An exact transcription of all the data is required; the pictures are to be left out.

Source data

=== Begin Enclosure ===

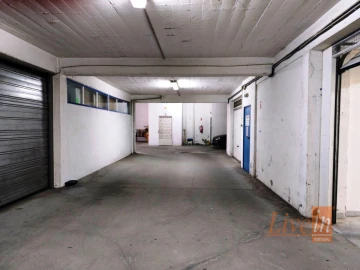 Garagem para Arrendamento em Ericeira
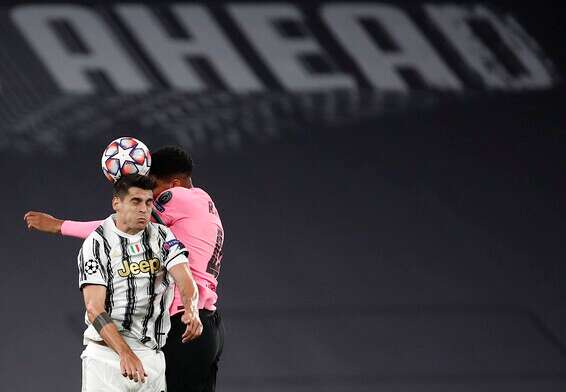 מוראטה עולה גבוה. שני שערים נפסלו // צילום: רויטרס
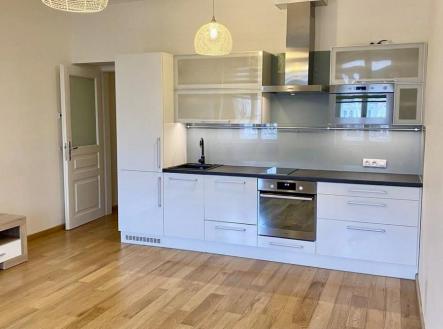 Pronájem bytu, 2+kk, 58 m²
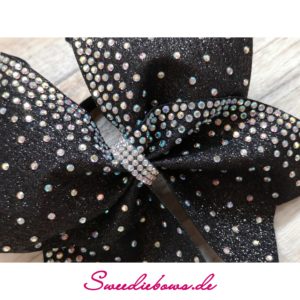 Cheerbow Strass No.14 Close up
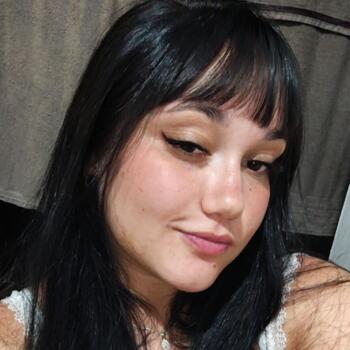 Babysitter in Içara: Leticia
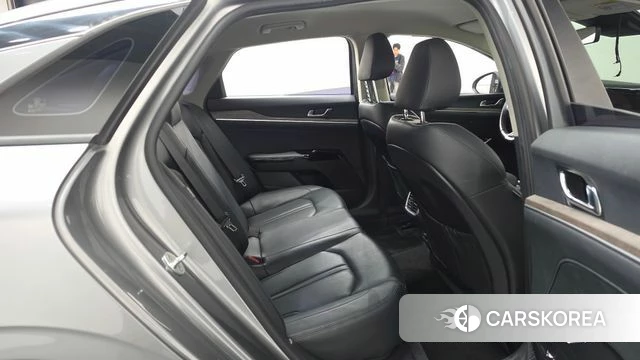 Kia K5 3rd generation 2021 Серебряный из Кореи, фото 2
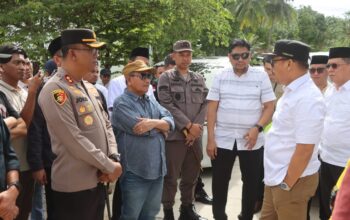 Kapolres Pasangkayu Dampingi Gubernur Sulbar Tinjau Peningkatan Jalan Akses Pelabuhan, Dirangkaikan Safari Ramadhan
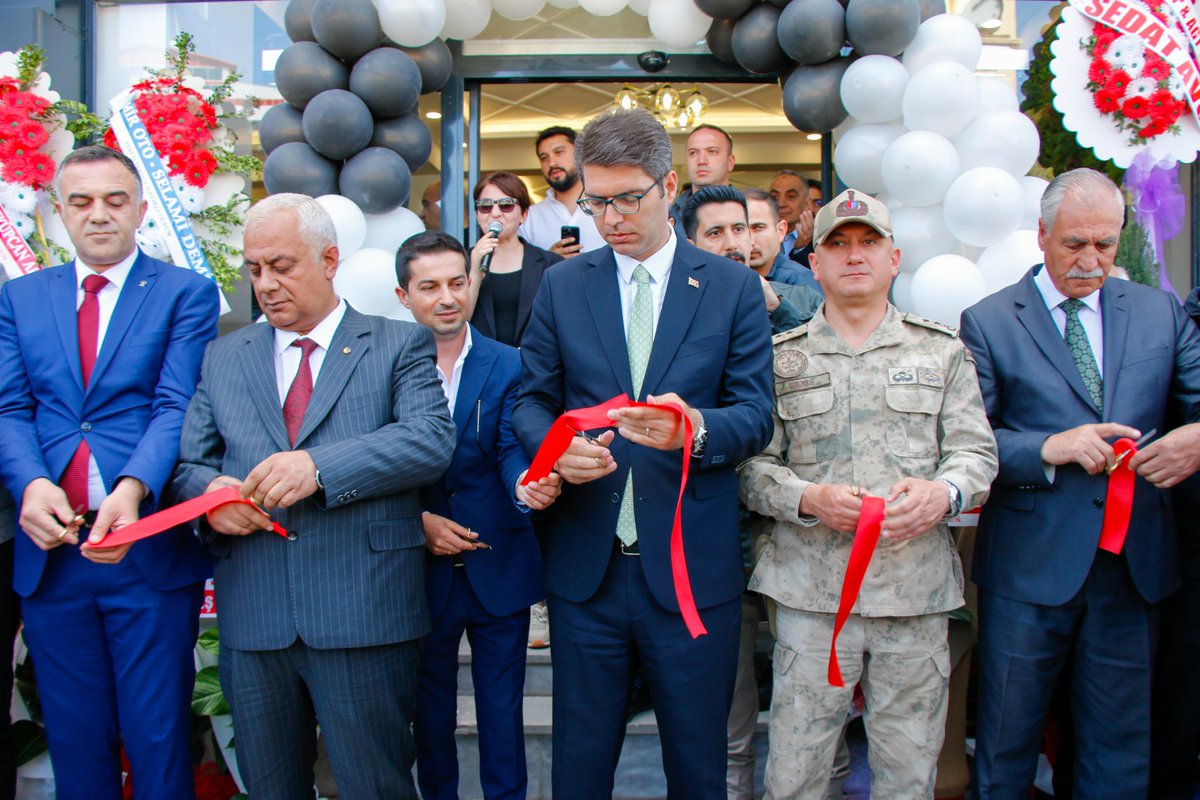 Vanyolu Caddesinde  hizmete açılan Mert AKYOL, Doğuş AKYOL, Abdurrahman Taha KARADAĞ, Ebubekir KARTAL ve Alper NALBANTOĞLU' na ait Köprülü Gece Dönercisi işletmesinin açılışına katıldık. İşyerinin değerli sahiplerine ve ilçemize hayırlı olmasını temenni eder bol kazançlar dileriz
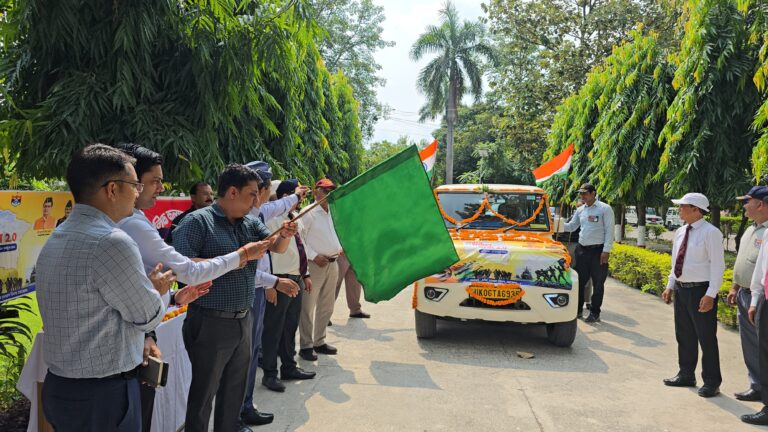 शहीद सम्मान यात्रा-2.0 के तहत शहीदों की मिट्टी हुई रवाना डीएम नितिन सिंह भदौरिया ने हरी झंडी दिखाकर किया रवाना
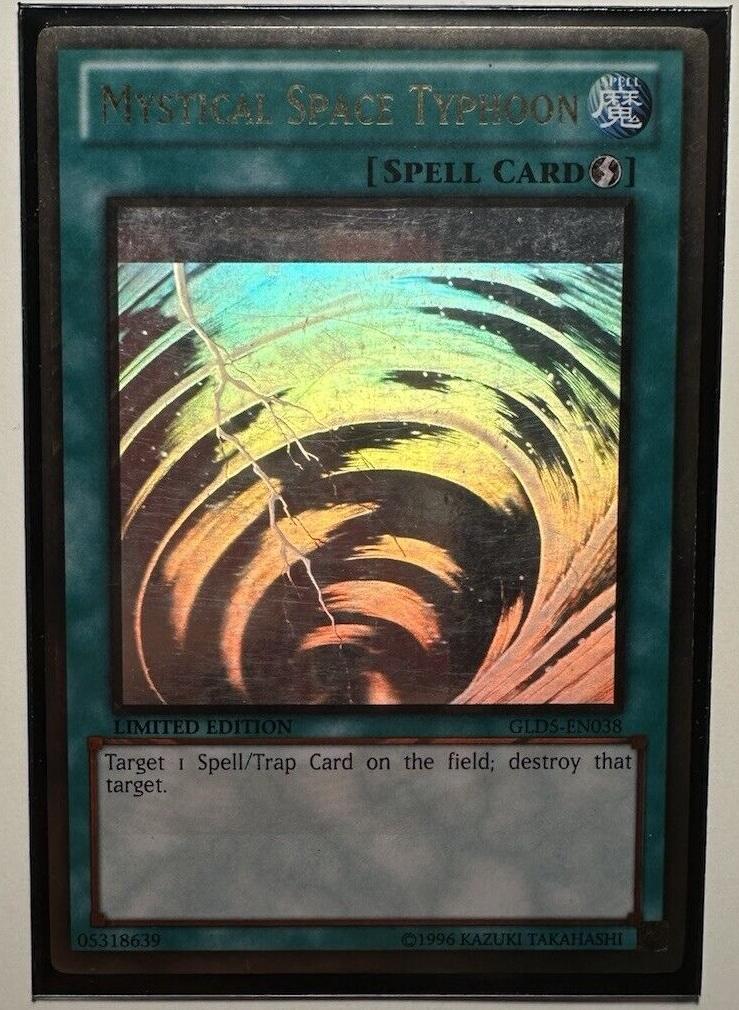 Mystical Space Typhoon [Misprint] GLD5-EN038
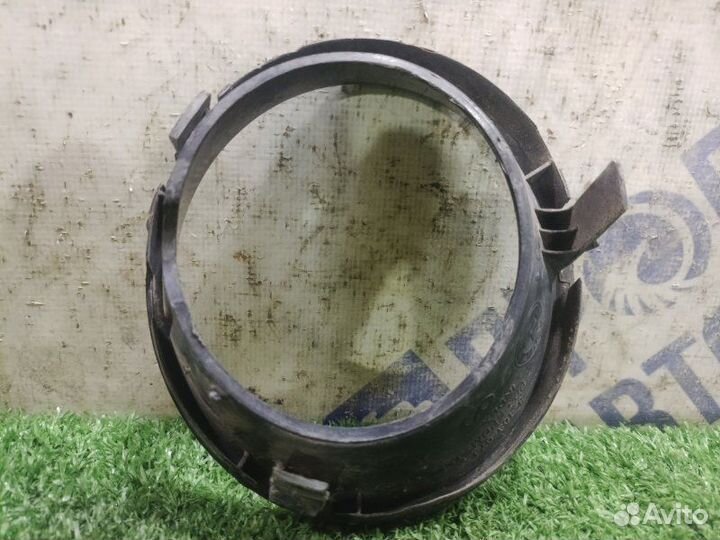 Накладка противотуманной фары правая Bmw X5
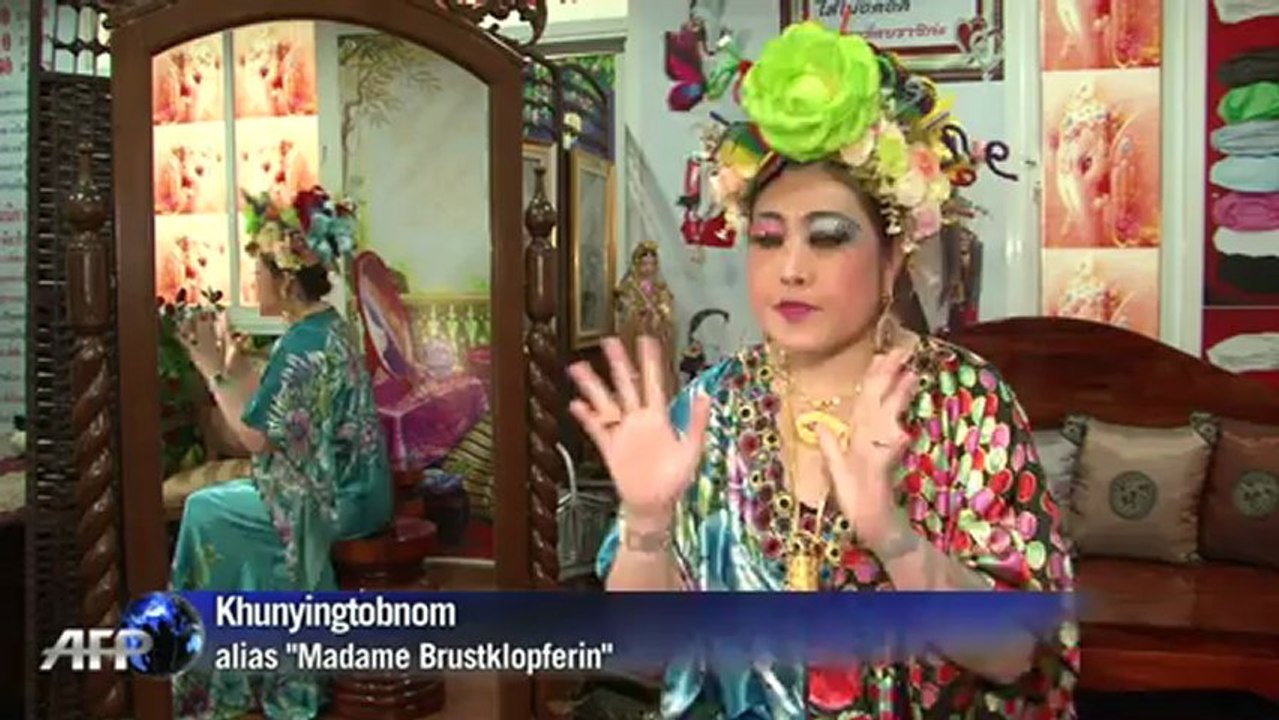 'Madame Brustklopferin' macht Reibach: Thais im Schönheitswahn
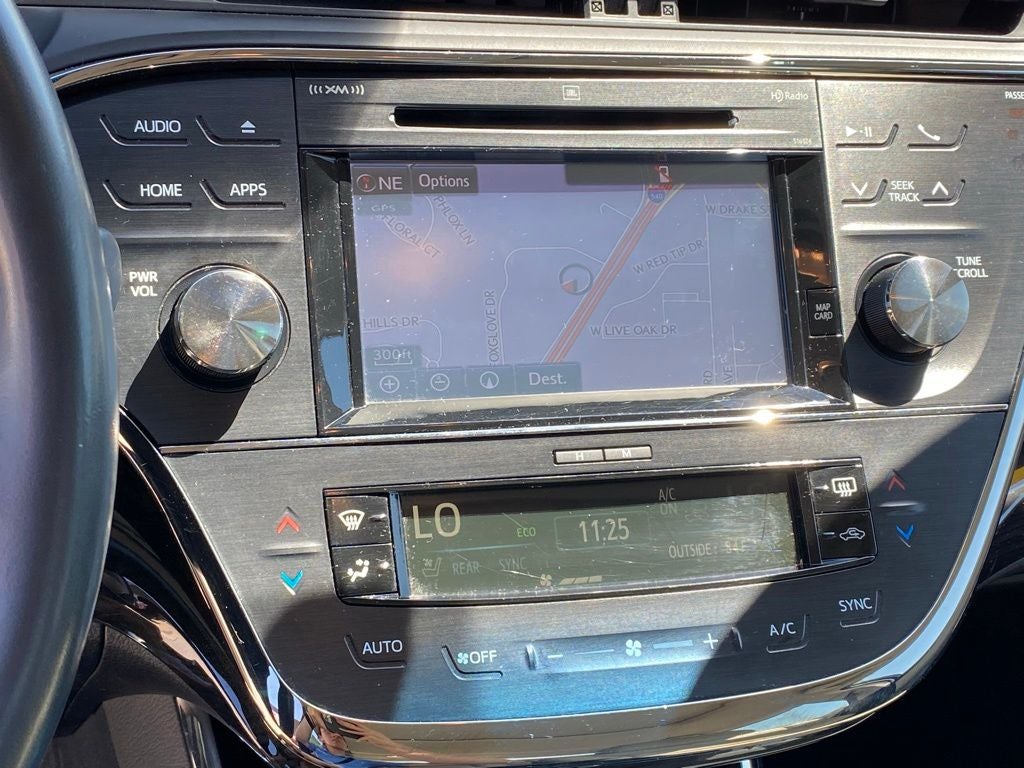 2015 Toyota Avalon Limited Hybrid - Photo 18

=== End Enclosure ===

Solution for this task:
 Garagem para Arrendamento em Ericeira
 מוראטה עולה גבוה. שני שערים נפסלו // צילום: רויטרס
 Pronájem bytu, 2+kk, 58 m²
 Cheerbow Strass No.14 Close up
 Babysitter in Içara: Leticia
 Kia K5 3rd generation 2021 Серебряный из Кореи, фото 2
 Kapolres Pasangkayu Dampingi Gubernur Sulbar Tinjau Peningkatan Jalan Akses Pelabuhan, Dirangkaikan Safari Ramadhan
 Vanyolu Caddesinde  hizmete açılan Mert AKYOL, Doğuş AKYOL, Abdurrahman Taha KARADAĞ, Ebubekir KARTAL ve Alper NALBANTOĞLU' na ait Köprülü Gece Dönercisi işletmesinin açılışına katıldık. İşyerinin değerli sahiplerine ve ilçemize hayırlı olmasını temenni eder bol kazançlar dileriz
 शहीद सम्मान यात्रा-2.0 के तहत शहीदों की मिट्टी हुई रवाना डीएम नितिन सिंह भदौरिया ने हरी झंडी दिखाकर किया रवाना
 Mystical Space Typhoon [Misprint] GLD5-EN038
 Накладка противотуманной фары правая Bmw X5
 'Madame Brustklopferin' macht Reibach: Thais im Schönheitswahn
 2015 Toyota Avalon Limited Hybrid - Photo 18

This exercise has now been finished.